Since its launch in 1987, the History of Cartography series has garnered critical acclaim and sparked a new generation of interdisciplinary scholarship. Cartography in the European Enlightenment, the highly anticipated fourth volume, offers a comprehensive overview of the cartographic practices of Europeans, Russians, and the Ottomans, both at home and in overseas territories, from 1650 to 1800. The social and intellectual changes that swept Enlightenment Europe also transformed many of its mapmaking practices. A new emphasis on geometric principles gave rise to improved tools for measuring and mapping the world, even as large-scale cartographic projects became possible under the aegis of powerful states. Yet older mapping practices persisted: Enlightenment cartography encompassed a wide variety of processes for making, circulating, and using maps of different types. The volume’s more than four hundred encyclopedic articles explore the era’s mapping, covering topics both detailed—such as geodetic surveying, thematic mapping, and map collecting—and broad, such as women and cartography, cartography and the economy, and the art and design of maps. Copious bibliographical references and nearly one thousand full-color illustrations complement the detailed entries.
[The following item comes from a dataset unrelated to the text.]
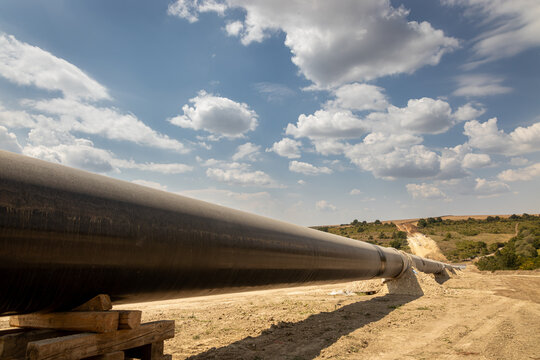 Gas and oil pipeline construction. Pipes welded together. Big pipeline is under construction. Cloudy sky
Histories of Technology, the Environment and Modern Britain

Histories of Technology, the Environment and Modern Britain
Title Histories of Technology, the Environment and Modern Britain PDF eBook
Author Jon Agar
Publisher UCL Press
Pages 357
Release 2018-04-09
Genre History
ISBN 1911576585

Download Histories of Technology, the Environment and Modern Britain Book in PDF, Epub and Kindle

Histories of Technology, the Environment and Modern Britain brings together historians with a wide range of interests to take a uniquely wide-lens view of how technology and the environment have been intimately and irreversibly entangled in Britain over the last 300 years. It combines, for the first time, two perspectives with much to say about Britain since the industrial revolution: the history of technology and environmental history. Technologies are modified environments, just as nature is to varying extents engineered. Furthermore, technologies and our living and non-living environment are both predominant material forms of organisation – and self-organisation – that surround and make us. Both have changed over time, in intersecting ways. Technologies discussed in the collection include bulldozers, submarine cables, automobiles, flood barriers, medical devices, museum displays and biotechnologies. Environments investigated include bogs, cities, farms, places of natural beauty and pollution, land and sea. The book explores this diversity but also offers an integrated framework for understanding these intersections.